YOUR ASSIGNMENT:
Exact copy, no pictures: return all the data below as written.

DATA FOR PROCESSING:
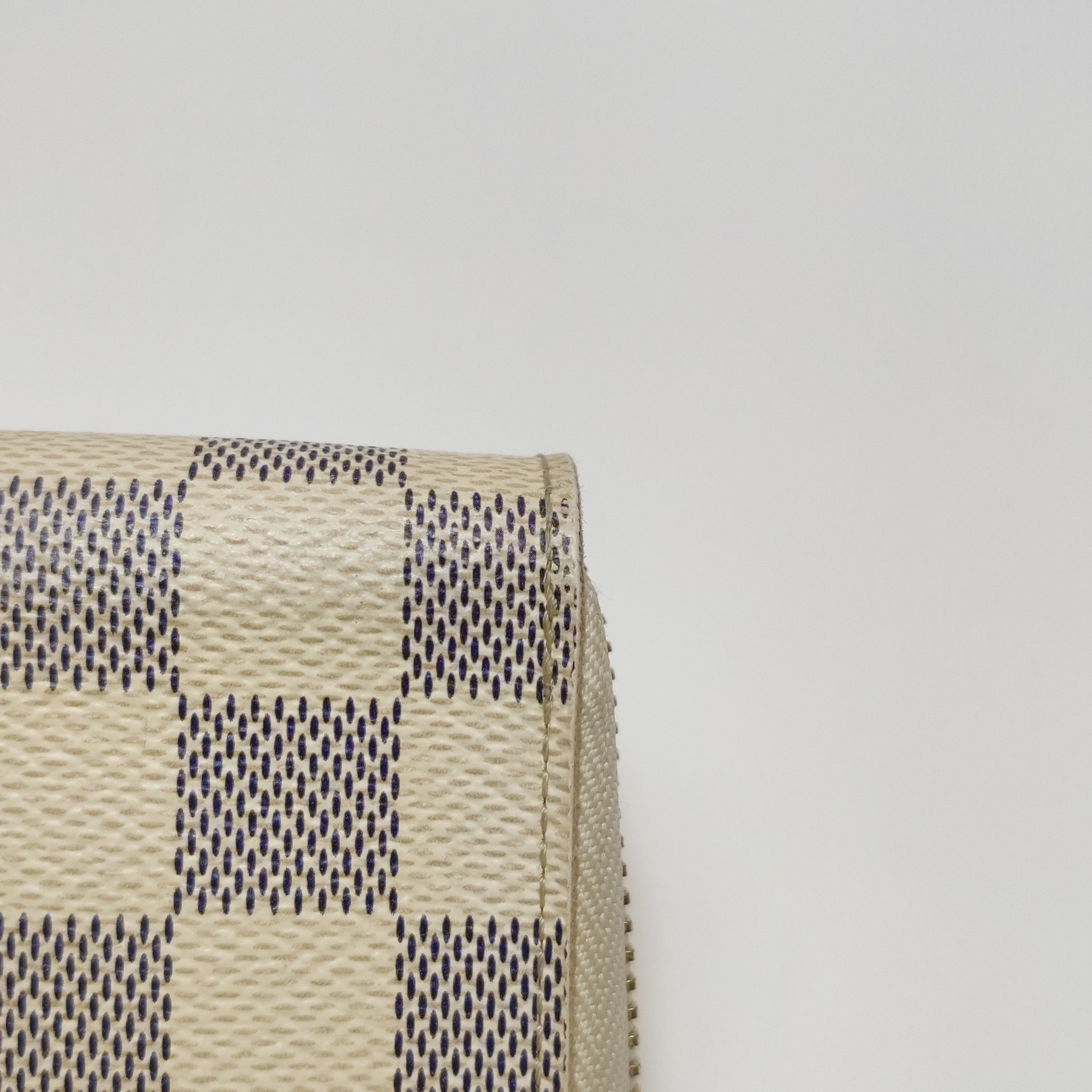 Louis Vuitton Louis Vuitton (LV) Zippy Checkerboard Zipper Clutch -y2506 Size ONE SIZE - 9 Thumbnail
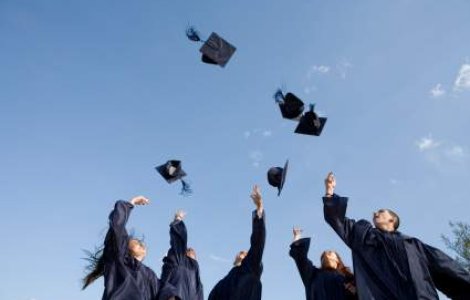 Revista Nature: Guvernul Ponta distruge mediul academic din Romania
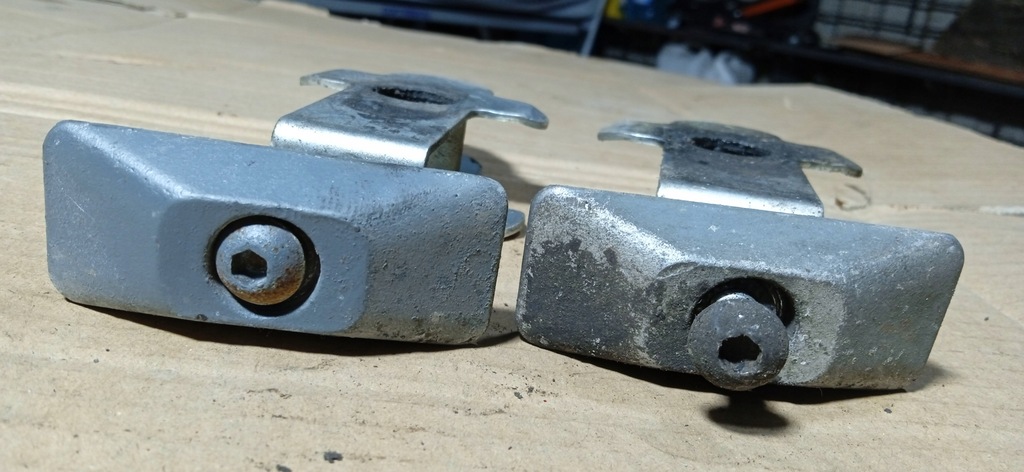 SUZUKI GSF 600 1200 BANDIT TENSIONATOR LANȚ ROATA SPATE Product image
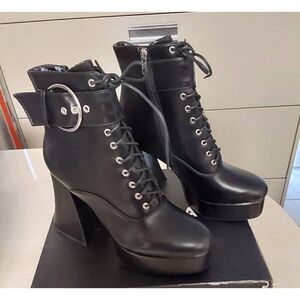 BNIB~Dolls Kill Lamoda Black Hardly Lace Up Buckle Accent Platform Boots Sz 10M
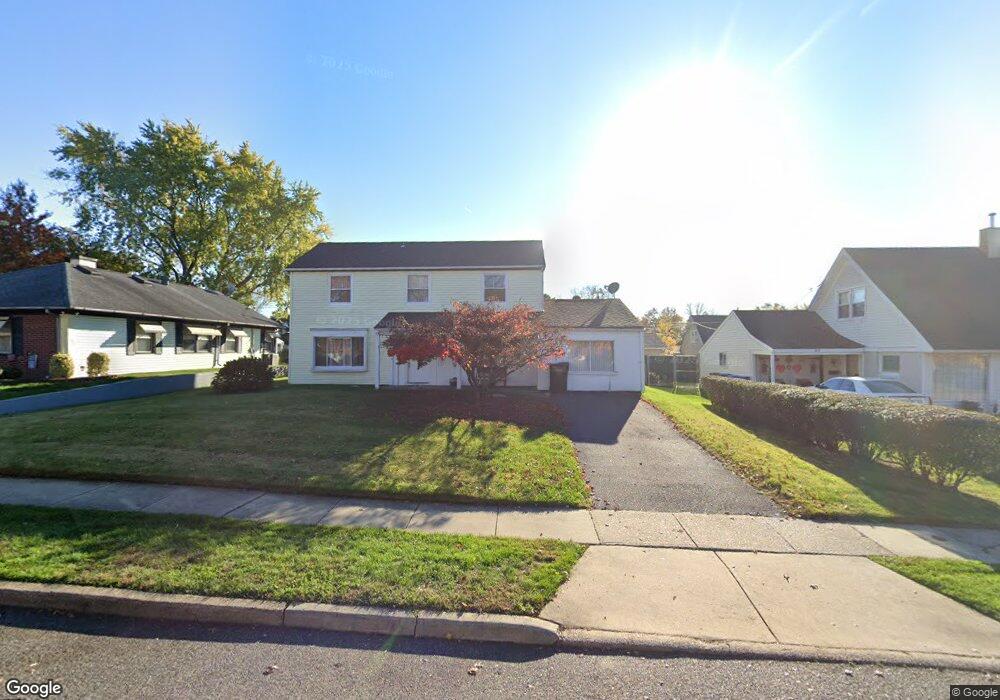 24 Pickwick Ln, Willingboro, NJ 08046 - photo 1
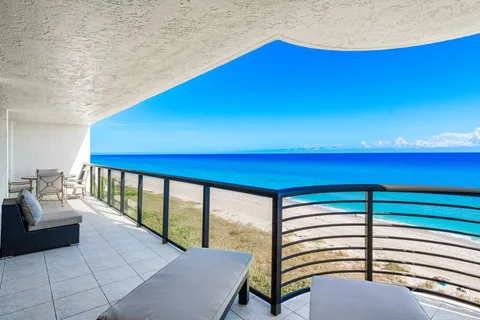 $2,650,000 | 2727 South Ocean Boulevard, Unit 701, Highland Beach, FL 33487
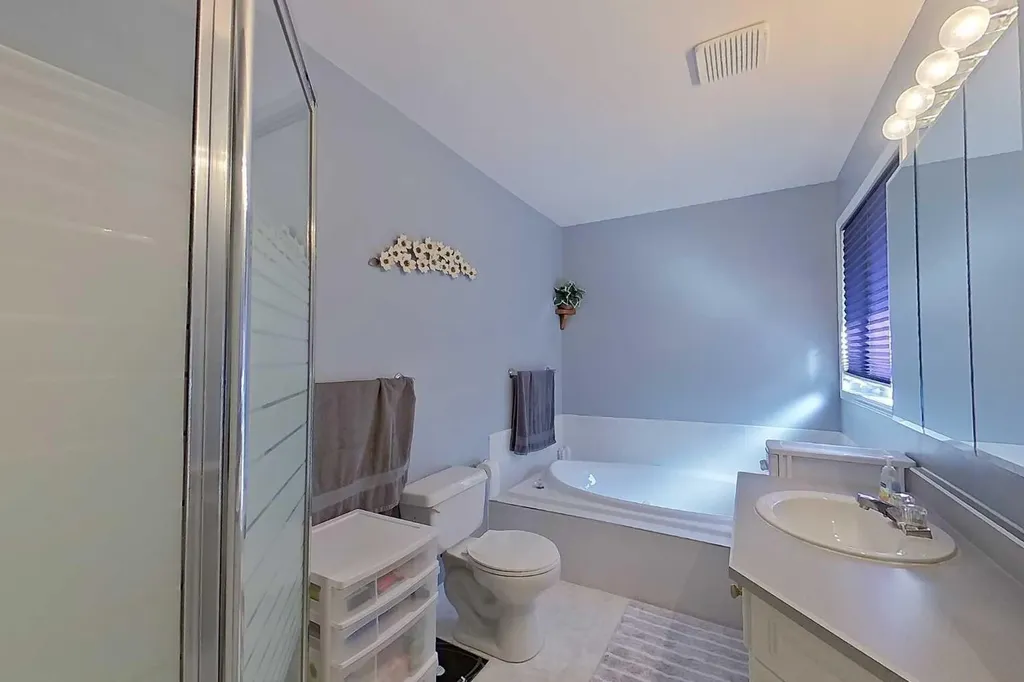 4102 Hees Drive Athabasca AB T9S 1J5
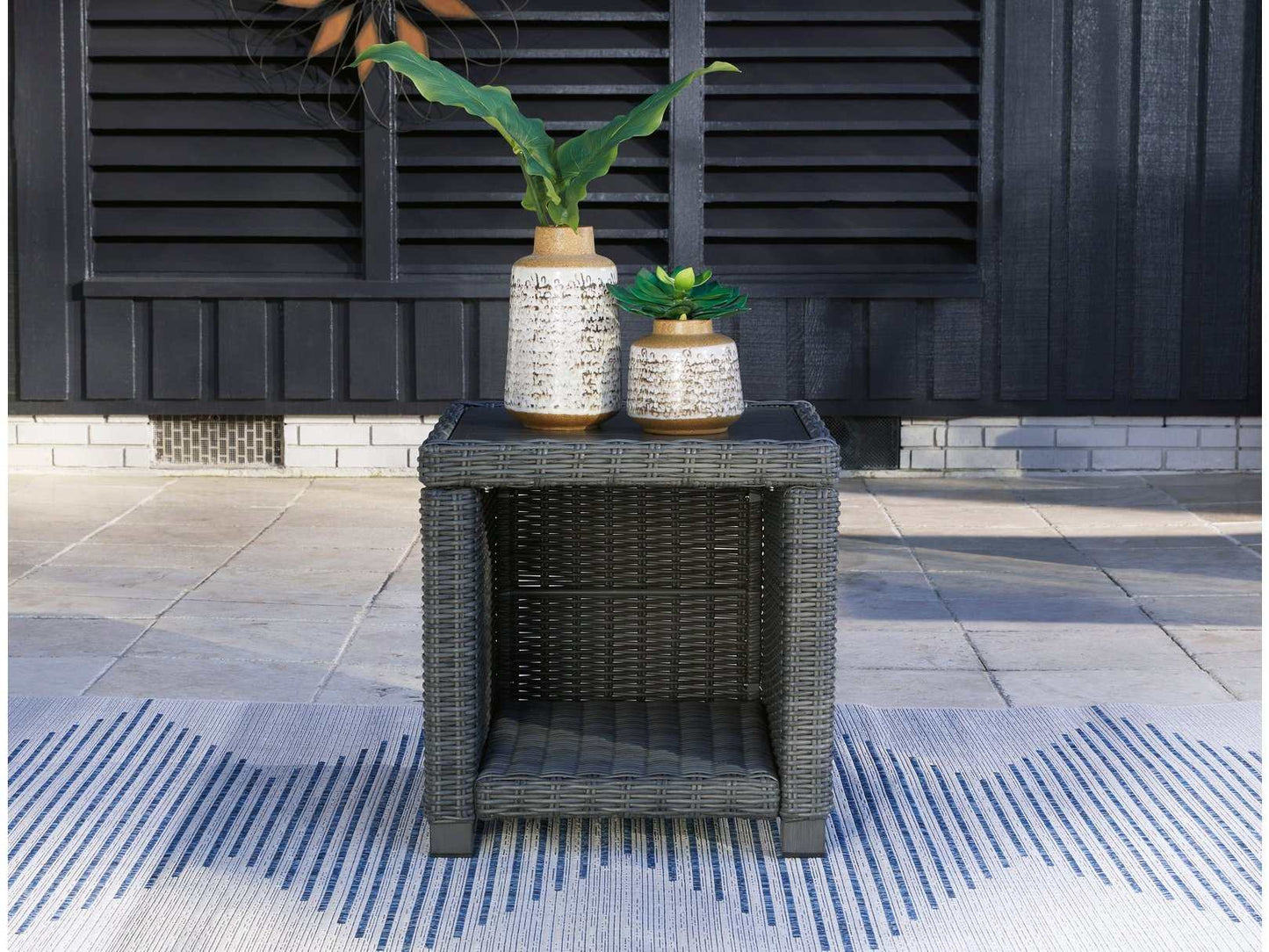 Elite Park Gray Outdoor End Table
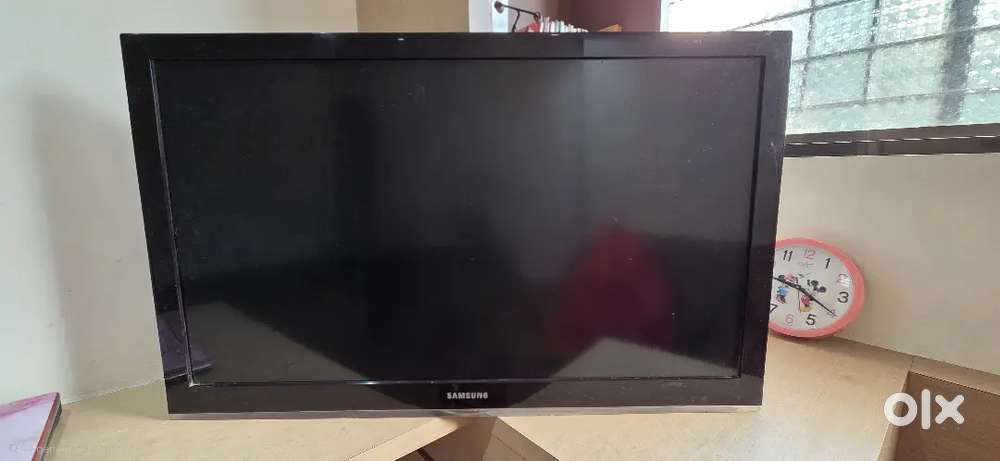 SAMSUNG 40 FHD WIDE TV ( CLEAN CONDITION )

RESPONSE:
 Louis Vuitton Louis Vuitton (LV) Zippy Checkerboard Zipper Clutch -y2506 Size ONE SIZE - 9 Thumbnail
 Revista Nature: Guvernul Ponta distruge mediul academic din Romania
 SUZUKI GSF 600 1200 BANDIT TENSIONATOR LANȚ ROATA SPATE Product image
 BNIB~Dolls Kill Lamoda Black Hardly Lace Up Buckle Accent Platform Boots Sz 10M
 24 Pickwick Ln, Willingboro, NJ 08046 - photo 1
 $2,650,000 | 2727 South Ocean Boulevard, Unit 701, Highland Beach, FL 33487
 4102 Hees Drive Athabasca AB T9S 1J5
 Elite Park Gray Outdoor End Table
 SAMSUNG 40 FHD WIDE TV ( CLEAN CONDITION )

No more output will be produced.